My view differs substantially from most of the posts. Easements give the holder the right to ingress and egress (to come and go) within the defined boundaries of that easement. That means that the power company has the absolute right to enter your property through that easement and you have no right to obstruct them. Bee hives are an obstruction, both physically through the hive structure and because of the bee stings. The reason that they can cut the limbs off of your trees without your permission is through that right of no obstruction.

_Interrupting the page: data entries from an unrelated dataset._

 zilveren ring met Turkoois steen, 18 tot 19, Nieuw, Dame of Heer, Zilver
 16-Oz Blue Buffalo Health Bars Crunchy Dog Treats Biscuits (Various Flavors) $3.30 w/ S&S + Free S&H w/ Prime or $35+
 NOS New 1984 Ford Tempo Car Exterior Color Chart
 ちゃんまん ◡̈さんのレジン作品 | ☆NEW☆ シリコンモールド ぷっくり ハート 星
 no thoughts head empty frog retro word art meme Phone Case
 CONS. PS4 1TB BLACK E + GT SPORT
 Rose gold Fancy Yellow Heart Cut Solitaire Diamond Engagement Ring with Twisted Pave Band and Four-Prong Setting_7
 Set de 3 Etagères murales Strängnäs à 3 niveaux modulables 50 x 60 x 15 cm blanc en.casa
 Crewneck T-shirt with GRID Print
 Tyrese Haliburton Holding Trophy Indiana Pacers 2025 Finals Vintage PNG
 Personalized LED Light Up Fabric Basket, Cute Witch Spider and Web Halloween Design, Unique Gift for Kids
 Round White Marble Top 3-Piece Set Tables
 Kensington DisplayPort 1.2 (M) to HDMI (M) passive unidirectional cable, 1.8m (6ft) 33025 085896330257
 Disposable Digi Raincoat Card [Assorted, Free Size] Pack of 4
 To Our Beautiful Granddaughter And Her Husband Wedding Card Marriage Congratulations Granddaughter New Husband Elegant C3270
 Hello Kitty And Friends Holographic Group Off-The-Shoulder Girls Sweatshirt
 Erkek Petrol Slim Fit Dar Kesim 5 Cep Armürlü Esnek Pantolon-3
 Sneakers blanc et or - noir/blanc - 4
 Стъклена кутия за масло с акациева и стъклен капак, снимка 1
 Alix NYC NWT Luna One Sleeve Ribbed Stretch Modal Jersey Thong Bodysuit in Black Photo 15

While farmers often plant crops under the wires and across the easement, they do so at their peril. If an emergeny occurs and the power company needs access, the power company can drive their trucks over the crops (beehives) without compensation, as the farmer has infringed upon the easement. The bottom line is that you should read the terms of the easement. It will be filed along with your father's deed records. I'd bet a dollar to a donut that the power company has that absolute right, and that could leave you with broken hives.

[ December 14, 2006, 12:08 PM: Message edited by: RonS ]


----------



## Black Creek (May 19, 2006)

that makes sense. i plan on keeping the area pretty cleaned out tho. but i mostly worry about people's perception of bees. even tho i plan on keeping my colonies well away from the poles or targeted trees, my idea of far enough is probably not the average person's idea of far enough. i worry that the perceived threat may cause them to possibly spray something on my hives to protect themselves.


----------



## kensfarm (Jul 13, 2006)

My farm & 3 farms surrounding me all have high power line easements. 

Over the 8 years I've been living here.. the fields are always planted under the lines. This saves the power company millions of dollars because the fields under the power lines are kept clean by the farmers. 

The power companies only come in the fall after harvesting.. and the contractors that they hire always leave a card to sign asking permission to enter the property. They've only done branch/tree trimming 2 times since I've lived here.. and to get there equipment on the easements.. they have to go over property that is not part of there easement. 

I don't see you having any problems w/ them.. and if they do have any tree's to clear.. they are willing to work w/ you to resolve any problems.


----------



## Black Creek (May 19, 2006)

i should prolly just call them. i've had mixed feelings about the power company's actions both on mine and my father's property. seems the lines there at my house are bordered by my property and 2 others. my 2 neighbors have 'modified' their landscape(tree plantings, etc.) to encourage them to find a different route into the power line trail. so now (not really noticing when i moved in) the only access to that easement is to drive those giant heavy trucks right through my lawn(and my proposed veggie garden site). they've left massive ruts in the turf that, even after I've worked several afternoons to fix, still cause me one heckuva bumpy ride on my mower. so, i guess my biggest problem is not really knowing the law in regards to the whole situation. what they can and can't cut, where they can and can't drive, etc. My lawn(from my driveway to the power lines) is deffinitely not part of their easement. And after witnessing that level of disregard to someone's well maintained lawn, i worry about how they'd treat a few colonies of bees that are mostly out of everyone's sight.


----------



## Brent Bean (Jun 30, 2005)

Newbeematt:

What power company do you have in your area?


----------



## tecumseh (Apr 26, 2005)

newbeematt sezs:
where they can and can't drive,

tecumseh thinks:
likely only thru the defined easement. they should not be able to legally appropriate 'other' property just to access their easement.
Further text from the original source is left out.